→ DIRECTIONS
Restate, word for word, each record that follows.

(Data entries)
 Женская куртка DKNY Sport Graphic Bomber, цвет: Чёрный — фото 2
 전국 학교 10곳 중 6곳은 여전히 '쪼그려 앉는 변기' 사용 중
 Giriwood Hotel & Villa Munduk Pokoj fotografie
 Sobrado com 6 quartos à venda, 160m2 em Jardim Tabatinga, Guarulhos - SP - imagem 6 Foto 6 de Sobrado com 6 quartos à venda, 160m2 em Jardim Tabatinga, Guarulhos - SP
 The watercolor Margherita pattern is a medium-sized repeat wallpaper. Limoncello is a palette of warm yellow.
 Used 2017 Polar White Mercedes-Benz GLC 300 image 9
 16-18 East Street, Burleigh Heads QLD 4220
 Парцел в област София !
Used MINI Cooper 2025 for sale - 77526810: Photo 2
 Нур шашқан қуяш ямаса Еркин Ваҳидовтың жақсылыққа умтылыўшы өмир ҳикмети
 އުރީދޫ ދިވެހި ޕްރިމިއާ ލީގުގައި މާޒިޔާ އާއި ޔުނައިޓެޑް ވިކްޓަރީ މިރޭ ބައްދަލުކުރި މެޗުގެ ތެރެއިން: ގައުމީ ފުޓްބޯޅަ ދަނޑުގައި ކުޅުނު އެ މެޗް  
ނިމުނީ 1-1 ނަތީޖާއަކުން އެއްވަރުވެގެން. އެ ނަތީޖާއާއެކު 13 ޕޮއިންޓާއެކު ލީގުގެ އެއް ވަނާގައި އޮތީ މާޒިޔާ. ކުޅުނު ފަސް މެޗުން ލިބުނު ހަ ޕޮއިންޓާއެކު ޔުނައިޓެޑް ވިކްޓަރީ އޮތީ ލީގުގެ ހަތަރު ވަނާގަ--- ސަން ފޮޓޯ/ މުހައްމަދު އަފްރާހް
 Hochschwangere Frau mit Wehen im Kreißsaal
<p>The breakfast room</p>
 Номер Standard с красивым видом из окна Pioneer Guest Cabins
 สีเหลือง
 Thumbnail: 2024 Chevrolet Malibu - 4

→ RESPONSE
 Женская куртка DKNY Sport Graphic Bomber, цвет: Чёрный — фото 2
 전국 학교 10곳 중 6곳은 여전히 '쪼그려 앉는 변기' 사용 중
 Giriwood Hotel & Villa Munduk Pokoj fotografie
 Sobrado com 6 quartos à venda, 160m2 em Jardim Tabatinga, Guarulhos - SP - imagem 6 Foto 6 de Sobrado com 6 quartos à venda, 160m2 em Jardim Tabatinga, Guarulhos - SP
 The watercolor Margherita pattern is a medium-sized repeat wallpaper. Limoncello is a palette of warm yellow.
 Used 2017 Polar White Mercedes-Benz GLC 300 image 9
 16-18 East Street, Burleigh Heads QLD 4220
 Парцел в област София !
Used MINI Cooper 2025 for sale - 77526810: Photo 2
 Нур шашқан қуяш ямаса Еркин Ваҳидовтың жақсылыққа умтылыўшы өмир ҳикмети
 އުރީދޫ ދިވެހި ޕްރިމިއާ ލީގުގައި މާޒިޔާ އާއި ޔުނައިޓެޑް ވިކްޓަރީ މިރޭ ބައްދަލުކުރި މެޗުގެ ތެރެއިން: ގައުމީ ފުޓްބޯޅަ ދަނޑުގައި ކުޅުނު އެ މެޗް  
ނިމުނީ 1-1 ނަތީޖާއަކުން އެއްވަރުވެގެން. އެ ނަތީޖާއާއެކު 13 ޕޮއިންޓާއެކު ލީގުގެ އެއް ވަނާގައި އޮތީ މާޒިޔާ. ކުޅުނު ފަސް މެޗުން ލިބުނު ހަ ޕޮއިންޓާއެކު ޔުނައިޓެޑް ވިކްޓަރީ އޮތީ ލީގުގެ ހަތަރު ވަނާގަ--- ސަން ފޮޓޯ/ މުހައްމަދު އަފްރާހް
 Hochschwangere Frau mit Wehen im Kreißsaal
<p>The breakfast room</p>
 Номер Standard с красивым видом из окна Pioneer Guest Cabins
 สีเหลือง
 Thumbnail: 2024 Chevrolet Malibu - 4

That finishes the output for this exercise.